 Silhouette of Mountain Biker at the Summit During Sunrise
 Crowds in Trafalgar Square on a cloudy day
...
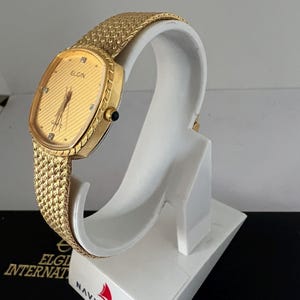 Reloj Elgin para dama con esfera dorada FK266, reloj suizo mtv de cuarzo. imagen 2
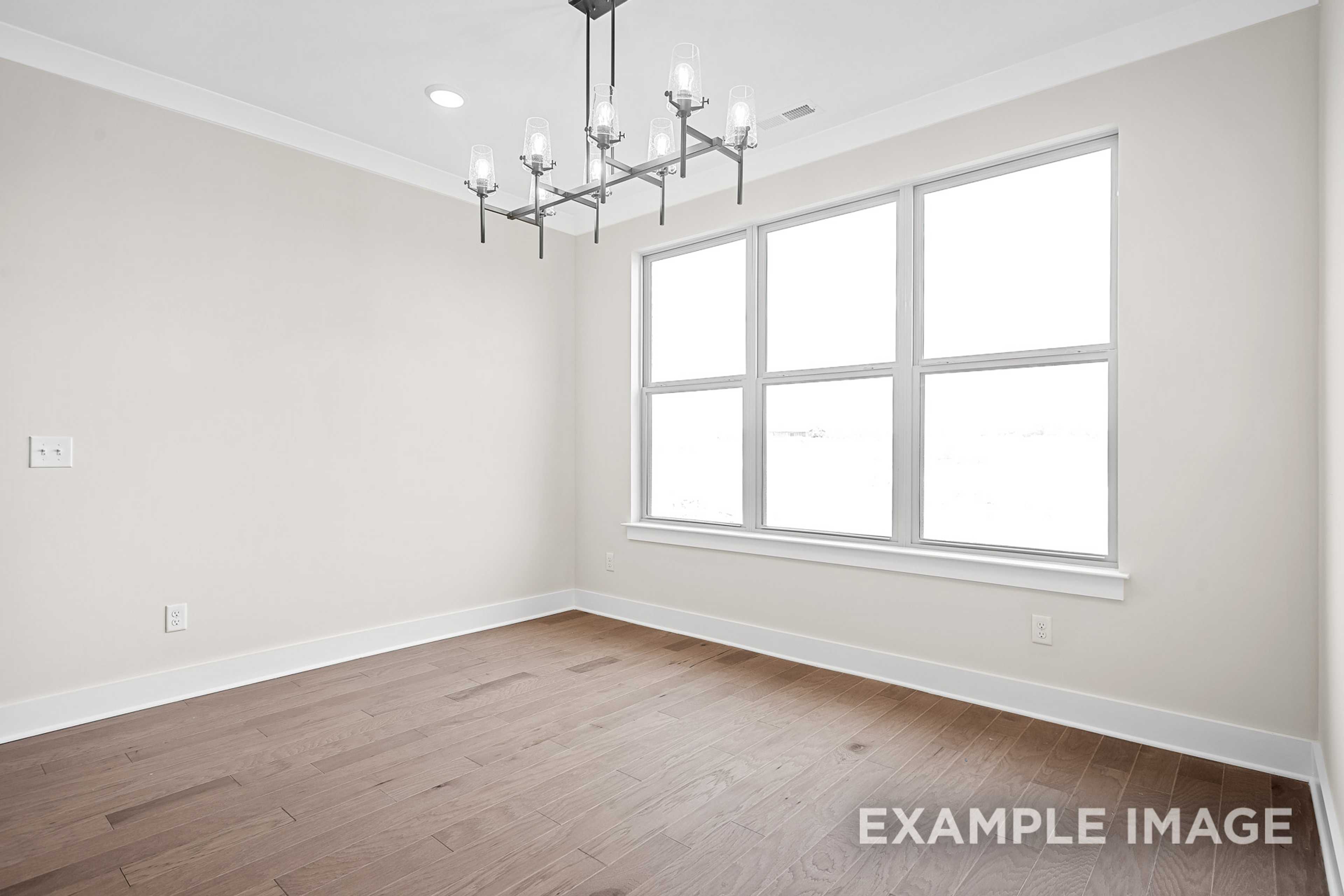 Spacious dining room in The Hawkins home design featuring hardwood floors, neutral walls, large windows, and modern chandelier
...
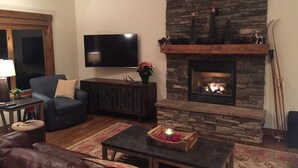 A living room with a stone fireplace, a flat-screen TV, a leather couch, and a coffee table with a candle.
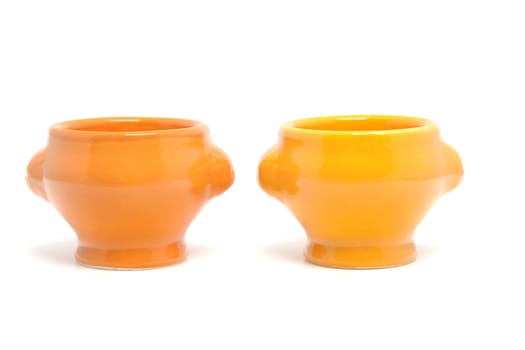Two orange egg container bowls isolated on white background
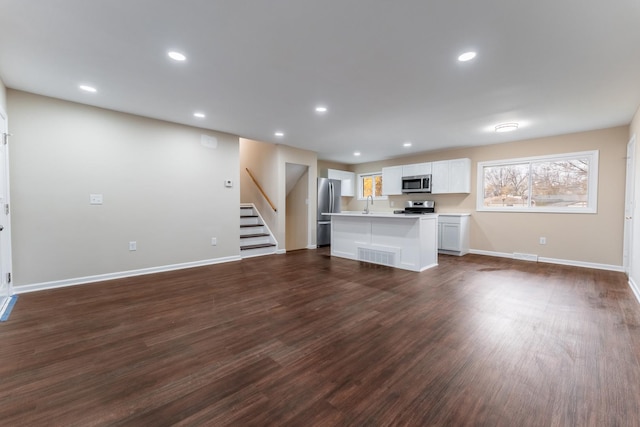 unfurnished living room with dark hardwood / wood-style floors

### Task goal
Using the material above, transcribe exactly the lines from the one holding "Two orange egg" to the one holding "unfurnished living room", both ends kept. Do not carry over any pictures.

### Output for this task
Two orange egg container bowls isolated on white background
 unfurnished living room with dark hardwood / wood-style floors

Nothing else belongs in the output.